Bien que l’Espagne n’ait plus le contrôle du territoire, elle reste liée par certaines obligations internationales des puissances administrantes, telles que celles qui l’obligent à empêcher l’exploitation illégale des ressources naturelles du territoire.

Signature des Accords tripartites de Madrid (14 novembre 1975)

Quel est alors le statut actuel du Maroc et de l’Espagne par rapport au Sahara occidental et quelles sont leurs responsabilités ?

Le Maroc est la puissance occupante du territoire. Leurs responsabilités sont celles que les Conventions de Genève et la Convention de La Haye imposent aux puissances occupantes.

L’Espagne est la puissance administrante  du territoire, « de jure », puisqu’elle ne contrôle pas le territoire « de facto ». Ses obligations sont celles des puissances administrantes qui sont énoncées, entre autres, dans des résolutions sur les activités économiques et autres affectant les intérêts des peuples des territoires non autonomes.

Depuis des décennies, les Sahraouis défendent leur droit à l’autodétermination. En quoi consiste ce droit et où est-il garanti ?

Le droit à l’autodétermination et à l’indépendance a été reconnu au peuple du Sahara occidental par les Nations Unies.

Ce droit est reconnu par la résolution 1514 de l’Assemblée générale des Nations Unies et signifie qu' »en vertu de ce droit, ils déterminent librement leur statut politique et assurent librement leur développement économique, social et culturel ».

Existe-t-il une différence entre le droit à l’autodétermination des Sahraouis et celui que certains ont soutenu en Catalogne, au Kosovo ou en Écosse ?

La différence est de fond. le droit à l’autodétermination du peuple sahraoui a été reconnu par l’Assemblée générale, le Conseil de sécurité et la Cour internationale de Justice.

La Catalogne, le Kosovo ou l’Ecosse n’ont vu reconnaître ce droit NI par l’Assemblée générale, NI par le Conseil de sécurité NI par la Cour internationale de Justice.

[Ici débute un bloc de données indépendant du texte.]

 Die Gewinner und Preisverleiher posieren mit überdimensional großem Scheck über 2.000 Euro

La position du Maroc a toujours été contre l’organisation d’un référendum sur l’autodétermination et il a fait valoir qu’il existe d’autres moyens de résoudre le problème, tels qu’un statut d’autonomie au sein du Maroc ; cette option est-elle valable au regard du droit international, pourrait-elle être un moyen de garantir le droit à l’autodétermination et mettre fin au conflit ?

Il n’est PAS vrai que la position du Maroc a « toujours » été contraire à la tenue d’un référendum d’autodétermination. Le Maroc a accepté ce référendum lorsqu’il a accepté le « plan de règlement » et les « accords de Houston » établissant ce référendum.

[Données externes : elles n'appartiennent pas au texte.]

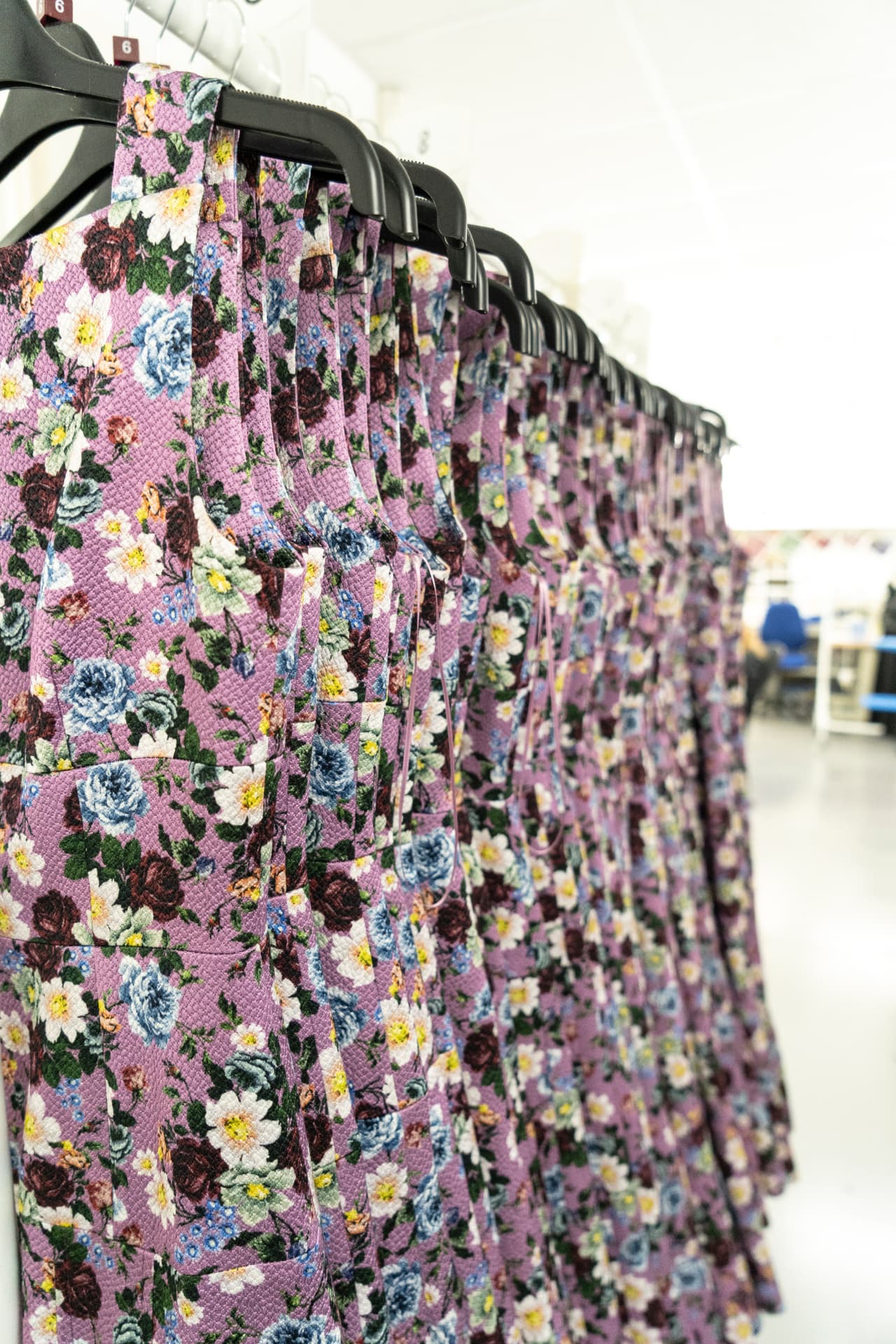 A production run of floral printed garments hanging on the rail in the studio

La proposition marocaine d' »autonomie » n’est PAS conforme au droit international car elle part d’une prémisse illégale, à savoir la souveraineté marocaine sur le territoire. C’est précisément parce qu’elle repose sur une prémisse illégale que cette proposition ne peut garantir le droit à l’autodétermination ni mettre un terme au conflit.

Camp de réfugiés El Ayoun à Tindouf. Photo Mamina

Le Conseil de sécurité et l’ONU soutiennent depuis longtemps les cycles de négociations entre les parties comme moyen de résoudre le conflit. Au début du mois de décembre, une nouvelle série de pourparlers aura lieu : pensez-vous qu’il s’agira d’un tournant dans la résolution du conflit ? Pensez-vous que c’est la manière de le résoudre ou pensez-vous que l’ONU devrait faire preuve de plus de vigueur dans la résolution du conflit ?

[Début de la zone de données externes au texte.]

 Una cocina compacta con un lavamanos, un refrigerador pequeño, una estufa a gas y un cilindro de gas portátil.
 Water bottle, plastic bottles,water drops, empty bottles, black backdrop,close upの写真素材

Il est difficile de le savoir si ça va être le point de basculement DÉFINITIF du conflit.

Mais il est certain qu’il s’agit d’un tournant dans la dynamique actuelle, qui était bloquée depuis dix ans.

Je pense que les pourparlers ou les négociations (par le biais du Chapitre VI de la Charte des Nations Unies) ne sont PAS le bon moyen de résoudre ce conflit. Il est certain qu’après si longtemps, ce conflit aurait dû être réglé par le Chapitre VII de la Charte, c’est-à-dire par l’imposition d’une solution par le Conseil de sécurité.

L’ONU n’est pas intervenue aussi activement sur le territoire pour trouver une solution que dans d’autres cas récents tels que le Kosovo ou le Timor oriental, quelle est la raison de cette différence et quelle en est la justification ?

Une nuance : au Kosovo, l’ONU voulait intervenir, mais l’indépendance du territoire n’a pas été approuvée, même si elle était soutenue par le bloc de l’ OTAN. C’est-à-dire qu’il y avait un veto de la Russie, mais un soutien total des USA et du bloc de l’OTAN.

Au Timor oriental, la question a été réglée parce que la puissance occupante (l’Indonésie) n’avait aucun lien étroit avec une grande puissance membre permanent du Conseil de sécurité.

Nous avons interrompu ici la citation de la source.